Our current policy is to use our operating cash flow primarily to fund capital expenditures, merchant and settlement anticipation cash advances, share repurchases, acquisitions and to repay debt rather than to pay dividends. Our capital expenditures were approximately 9% and 7% of our total revenue for the first three months of 2026 and 2025, respectively.
Share Repurchases
We repurchased 3.3 million shares of our common stock for $200 million and 9.7 million shares of our common stock for $2.2 billion during the first three months of 2026 and 2025, respectively. On February 19, 2025, our board of directors authorized the purchase of up to 60.0 million shares of our common stock. This authorization does not expire. As of March 31, 2026, we had approximately 42.6 million shares remaining under our existing repurchase authorization. Shares repurchased are generally held for issuance in connection with our equity plans.

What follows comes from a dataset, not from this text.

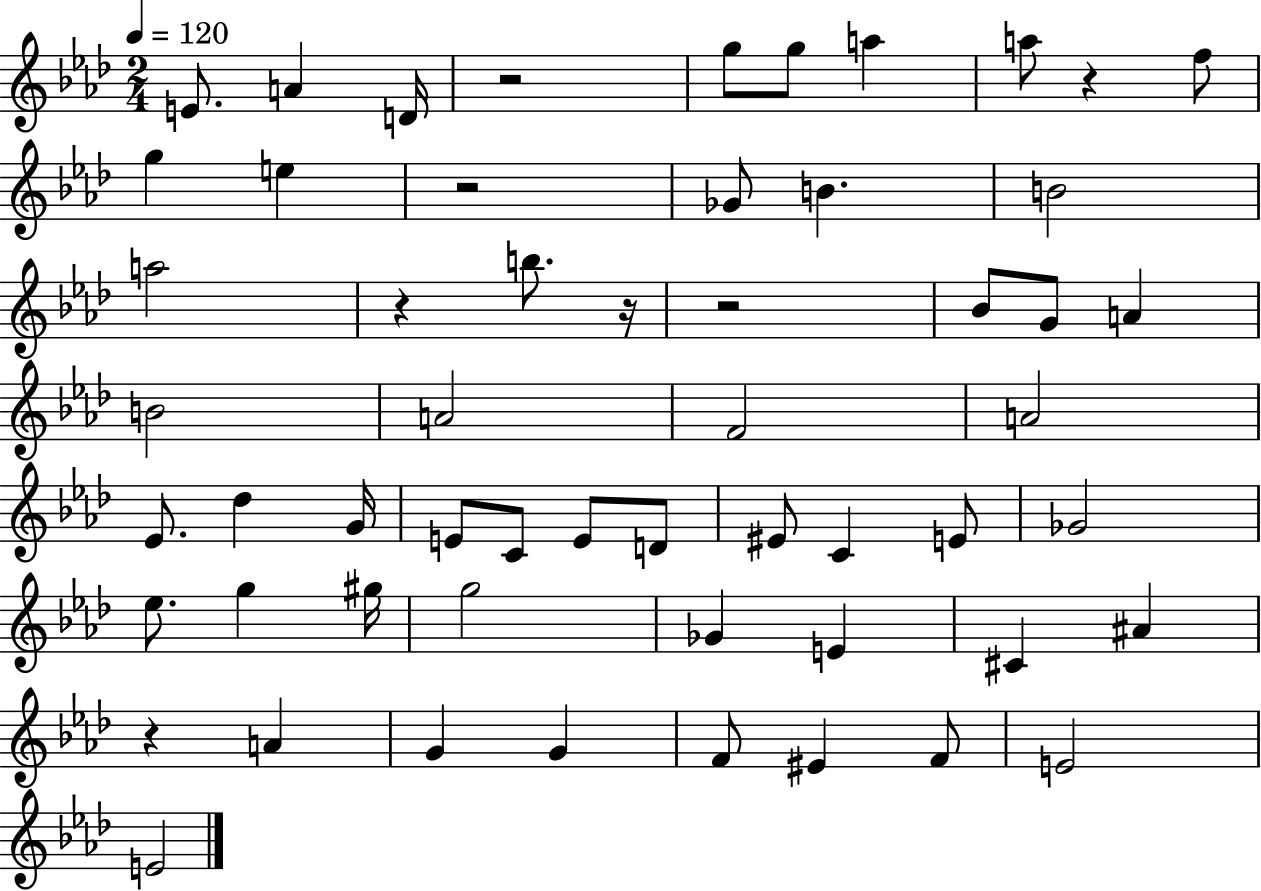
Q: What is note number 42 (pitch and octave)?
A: A4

Acquisitions and Other Transactions
Acquisitions of Businesses
We acquired StoneCastle, TD Merchant Canada, SCG, CardFree, Money Money, Pinch Payments, CCV, and Payfare in 2025 for an aggregate purchase price, including deferred payments, of $857 million, net of $84 million of acquired cash and including earn-out provisions estimated at a fair value of $35 million. We funded these acquisitions by utilizing a combination of available cash and commercial paper. The results of operations for these acquired businesses are included in our consolidated results from the respective dates of acquisition.
Other Transactions
In the first quarter of 2026, we entered into sale leaseback arrangements for certain of our facilities for an aggregate net sales price of $201 million. Proceeds of $183 million received in the first quarter of 2026 were primarily used for general corporate purposes, including the repayment of debt. The remaining $18 million of proceeds are expected to be received in the second quarter of 2026.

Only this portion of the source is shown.